It’s not rooted in logic or objective history, but growing up an industrial fan from Vancouver in the 90s, I couldn’t help but expand my appreciation for Skinny Puppy (and FLA and Numb to lesser extents) out to the point of a perceived stewardship of or belonging to an inherited legacy. These were bands whose members were notably older than myself who had developed worldwide fanbases, and yet I couldn’t help but feel that they were “mine” in a special way. This was, needless to say, utter bullshit. I started listening to Puppy in 1995, just one year before The Process was released, and there was nothing about my appreciation for their music that distinguished me from a kid of the same age from, say, New York, and definitely no reason why my opinion should hold as much weight as that of a die-hard fan from Europe who’d been tracking the band since I was in short pants. I give this lengthy preamble only to say that when I hear bands who have obviously drawn inspiration from Vancouver’s industrial history, a vestigial part of me wants them to do right by their sources. On their debut LP, Finland’s Cardinal Noire touch all of the bases of the now classic Vancouver sound, demonstrating not only a real love for those records, but also a canny ability to tap into their more overlooked elements.

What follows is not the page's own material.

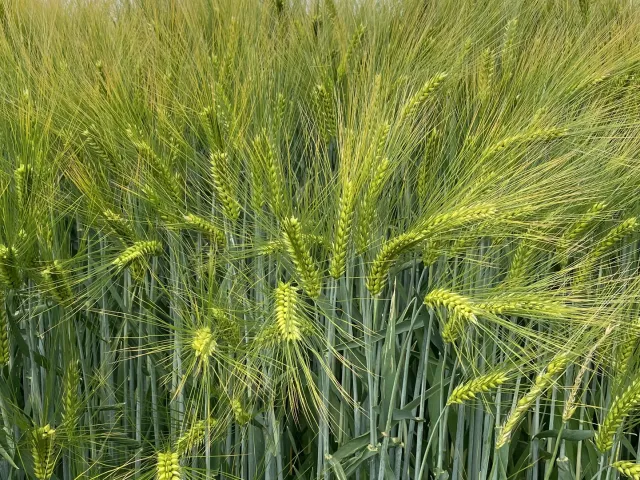 КВС Чіліс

After an intro track, Cardinal Noire head straight for the classic electro-industrial fan’s jugular with a tune that cinches the sort of funk-inflected bassline which Puppy did so well and yet so few have been able to follow up on. It’s been long lamented that the funkier rhythms involved in the history of so many crucial industrial bands have been forsaken by their scions for the sake of metronomic simplicity, but “Narkomat” cuts no corners. The fluttering and complementary programming tics and flourishes which make music of this type feel both lush and claustrophobic are in full effect. Things carry on swimmingly with “MKIV: Eternal”, which carries forth all of the orchestral majesty which C-Drone-Defect was capable of in their best moments, and provides such an insistent counterpunch to “Narkomat”‘s loopy funk that I’m willing to overlook the overt jacking of the arpeggiated bassline from the end theme of Blade Runner near the end.

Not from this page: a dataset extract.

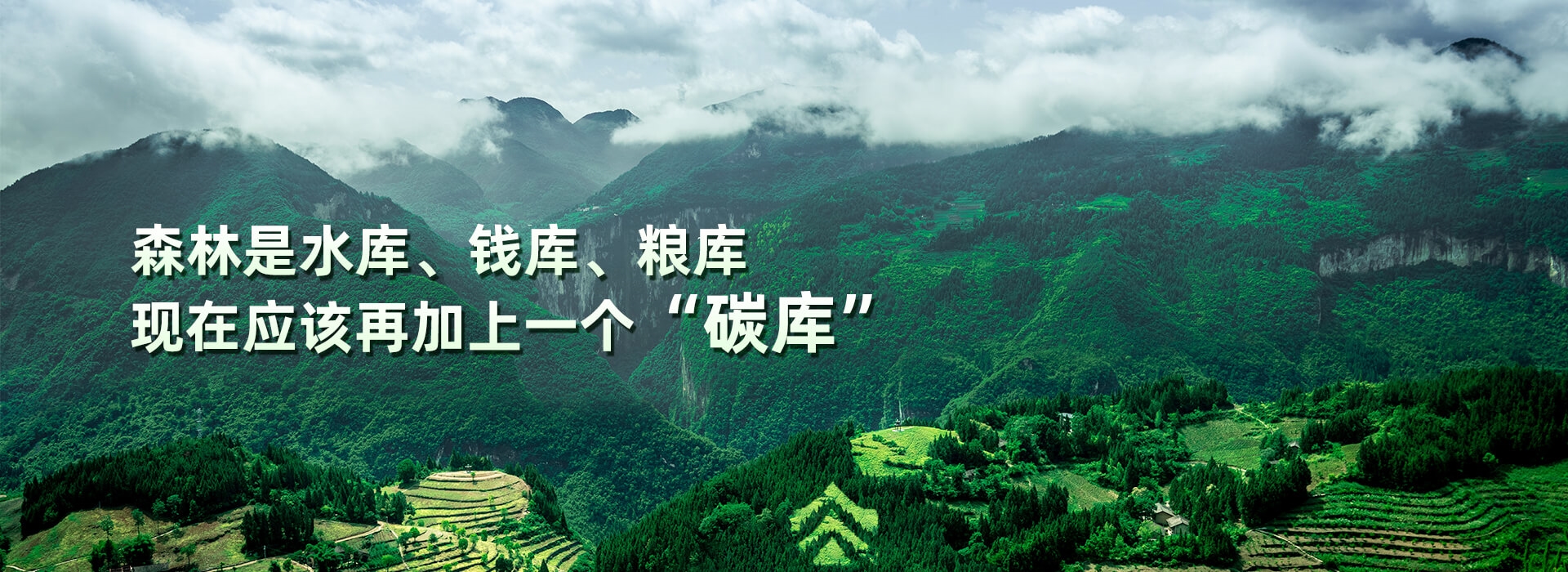 cq9电子大厅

While “Narkomat” and others owe a good deal to the mid-80s electro-industrial template, “Flagellant” finds Cardinal Noire tackling a much more ornery beast: the sort of densely programmed, nightmarish soundscapes Puppy would later explore on Too Dark Park. Closers “Purgation” and “Mirror Shards” feel very much of a design that is all Cardinal Noire’s own: while their component sounds are still rooted in the same base, their construction has an experimental confidence which speaks to the extant work of the band’s members. Vocalist Kalle Lindberg’s background in industrial-tinged death metal act The Republic Of Desire and the more EBM-minded Protectorate (with Cardinal Noire programmer Lasse Alander) serve him well here. Although the Ogreisms are much more overt on Cardinal Noire than on his previous projects, Lindberg has the confidence to put his vocals deservedly forward in the mix, where social and environmental messages are addressed with the sort of forthright aggression necessary for truly great work of this ilk.

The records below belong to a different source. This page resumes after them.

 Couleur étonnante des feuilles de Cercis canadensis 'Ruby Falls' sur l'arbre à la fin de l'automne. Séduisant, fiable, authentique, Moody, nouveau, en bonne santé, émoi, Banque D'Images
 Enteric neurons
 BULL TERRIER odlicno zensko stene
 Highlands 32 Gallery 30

To their credit, Cardinal Noire are wearing their influences proudly on their sleeve in interviews (and doing a decent enough job of keeping abreast of more recent events by name-checking Youth Code, By Any Means Necessary and High-Functioning Flesh) and on their artwork; any act that terms their work “Brapkunst” knows exactly what they’re getting into and which listeners they need to please. On that front, Cardinal Noire’s debut is a total success. While Necro Facility came into their own by taking an abrupt turn into pop territory with this sort of material, Cardinal Noire prove themselves capable of hanging with Vancouver’s masters on their home turf.